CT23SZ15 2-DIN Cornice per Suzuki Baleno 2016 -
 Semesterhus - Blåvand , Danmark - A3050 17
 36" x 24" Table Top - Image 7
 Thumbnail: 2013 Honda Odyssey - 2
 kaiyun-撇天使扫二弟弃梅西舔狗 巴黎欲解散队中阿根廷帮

• **Requirement**
Copy out all the records exactly.

• **Worked solution**
CT23SZ15 2-DIN Cornice per Suzuki Baleno 2016 -
 Semesterhus - Blåvand , Danmark - A3050 17
 36" x 24" Table Top - Image 7
 Thumbnail: 2013 Honda Odyssey - 2
 kaiyun-撇天使扫二弟弃梅西舔狗 巴黎欲解散队中阿根廷帮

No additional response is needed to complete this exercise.